Pokémon may be the most famous Japanese media franchise built around the concept of collecting pocket-sized monsters that rose to prominence in the mid-to-late nineties, but it’s not the only one. While there are many other properties which feature similar stories, mechanics, and designs, the most notorious rivals of the Pokémon brand include the best-selling franchise Yu-Gi-Oh! and the digital monsters Digimon.
The latter of the two is probably the most similar to Pokémon, and not just in name. Where Yu-Gi-Oh! hones in on the card game and strategy aspects of the genre, Pokémon and Digimon are much more adventure-based. Each franchise, for instance, features a group of kids who embark on an actual, physical quest. What’s more, during said quest they must ally themselves with creatures that can evolve into a select number of more powerful forms depending on their levels of trust in one another.
But Digimon may not just be similar to Pokémon, the two series might actually be directly related to one another and even take place in the same fictional universe.

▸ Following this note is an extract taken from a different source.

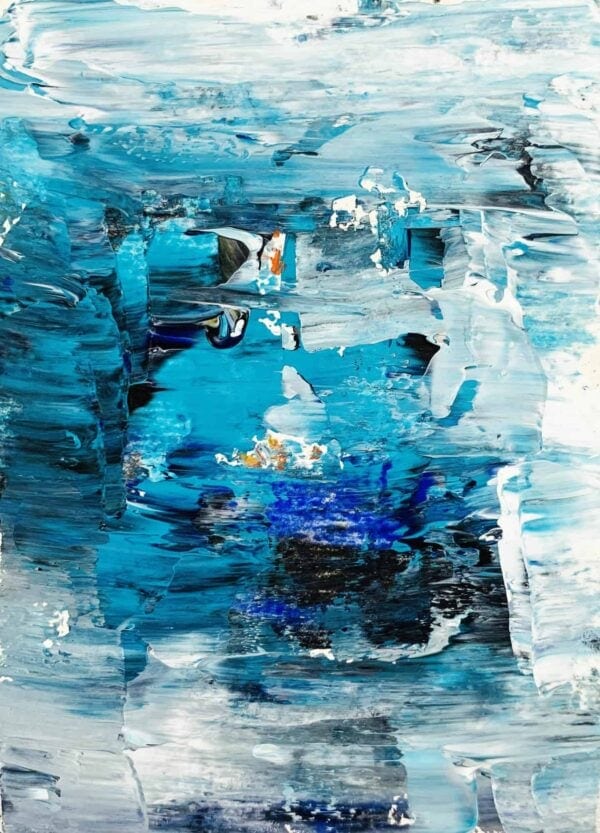Farbenfrohe abstrakte Acrylmalerei mit blauen Tönen, Kunstwerk in moderner Malerei, individuelle Auftragsmalerei, Wandbild Kunst, kreative Kunst für Innenräume.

According to one theory that first originated on Reddit, Digimon are actually the corrupted versions of Pokémon. In the Pokémon video games, players are able to store access Pokémon in the PCs conveniently located in the corner of every Pokécenter. These PCs, the theory maintains, form the link between the worlds of Pokémon and Digimon.
How Pokémon Could Turn Into Digimon
Although few players actually manage up to fill the hundreds upon hundreds of storage slots available inside these PCs, avid trainers might have found themselves in a tough spot where they had to delete one Pokémon’s file in order to make place for another. But where do these files go once they are deleted? According to the theory, digitized versions of Pokémon end up in the Digimon world once they are deleted or corrupted. It’s a bit of a leap in logic, but at least it explains the digital component of Digimon.
What’s more, the theory certainly makes sense from a visual standpoint, as Digimon typically feature grittier, elaborate, and — to use some vocabulary belonging to the series’ key demographic — cooler designs compared to their cute and cuddly Pokémon counterparts. The series is also much darker on a meta-level. Whereas Pokémon is an underdog story supported by textbook themes of confidence and persistence, Digimon’s narrative covers anything from corruption to parental neglect, and much, much more.
The theory is, of course, just a theory. Neither spokespersons from The Pokémon Company nor Saban Entertainment — the organization which owns Digimon — have confirmed the theory, and probably never will. More likely than not, the two media franchises resemble each other in form and style because they tap into a common, marketable instinct among people, especially children: the desire to own and collect. Still, fans can dream that two worlds which they love equally could be connected to one another.